# Unir plano de masa a terminales a masa en ARES proteus



## Lobo Solitario (Oct 10, 2010)

Genete hice unos pcb utilizando ares de proteus, pero o realice el esquematico en isis directamente, trace las pistas, lo que no puedo realizar es unir los pines que van a masa de los componentes con el  plano de masa, agradeceria mucho que me den una mano...


----------



## lubeck (Oct 11, 2010)

Con el Plane Generator le dices  que lineas conecte a tierra... 
Menu Tools->power plane generator...
y para el grueso pulsas el icono de Traces y en relief defines el ancho...


----------



## Lobo Solitario (Oct 15, 2010)

lo que  ocure que en el plane generator la unica opcion que me muestra es la de none ninguna de todas las demas, yo directamente dibuje el  pcb en ares, no realice el esquematico en isis, como solucionar el problema...


----------



## lubeck (Oct 15, 2010)

Ok...

al pin que quieras conectar a tierra dale click derecho y en el popup busca uno que dice "edit pin..." despues en la ventana de dialogo "edit single pin" busca el combo relief y ponlo en Thermal


----------



## Lobo Solitario (Oct 16, 2010)

Gracias viejo, sos un groso, disculpa las molestias recien estoy empezando en esto para lo que necesites ya sabes me pegas un grito, estoy para lo que te sea util nos vemos...


----------



## Simon21 (Dic 13, 2012)

Hola a todos, el inconveniente que estoy teniendo es similar al que acaban de publicar, ya que no he realizado ningun esquematico en ISIS proteus antes de realizar el pcb, simplemente he ruteado por completo el PCB, por lo que cuando genero el plano de masa no me deja puentearlo a las pistas ni a los pines, ya que en la opcion NET me aparece none ya que no tengo generado ningun net.   
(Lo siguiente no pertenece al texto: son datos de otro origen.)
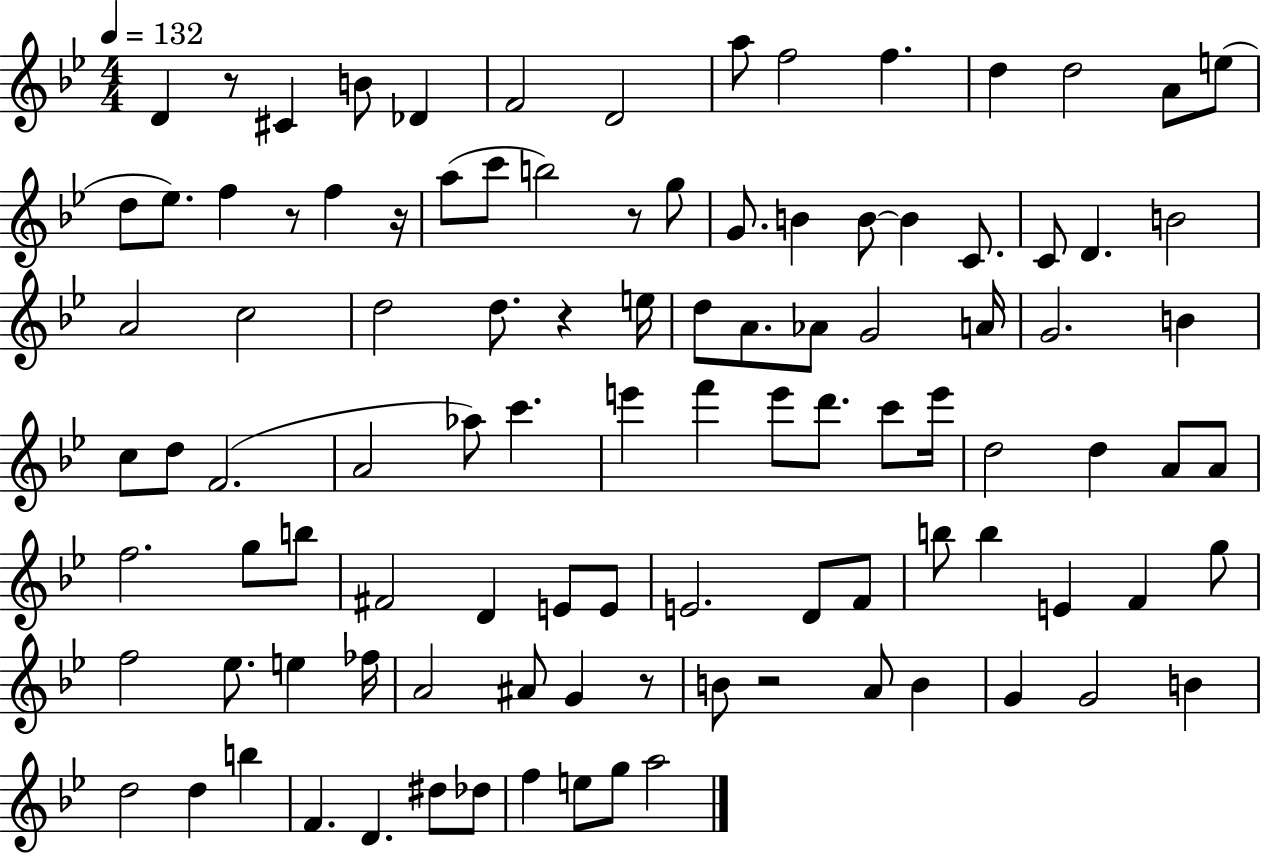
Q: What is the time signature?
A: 4/4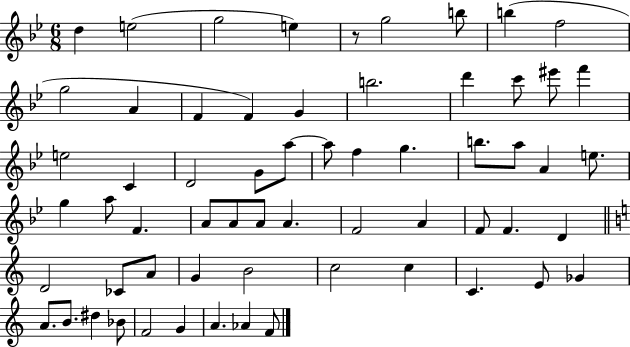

Agradecería alguna respuesta.

Saludos a todos


----------



## josb86 (Ago 18, 2013)

es posible con ares modificar el tamaño de todos los pins de un componentes?


----------



## ByAxel (Ago 18, 2013)

josb86 dijo:


> es posible con ares modificar el tamaño de todos los pins de un componentes?



Si.
Por ejemplo: Seleccionas la herramienta Pad y escojes un tamaño de la lista, luego das clic al centro del pad que quieres cambiar y listo, el nuevo pad ya tiene un nuevo tamaño y/o forma.
Puedes agregar otros tamaños de pad desde el menú "Library->New Pad Style" o crear un componente con estilos personalizados.

Saludos.


----------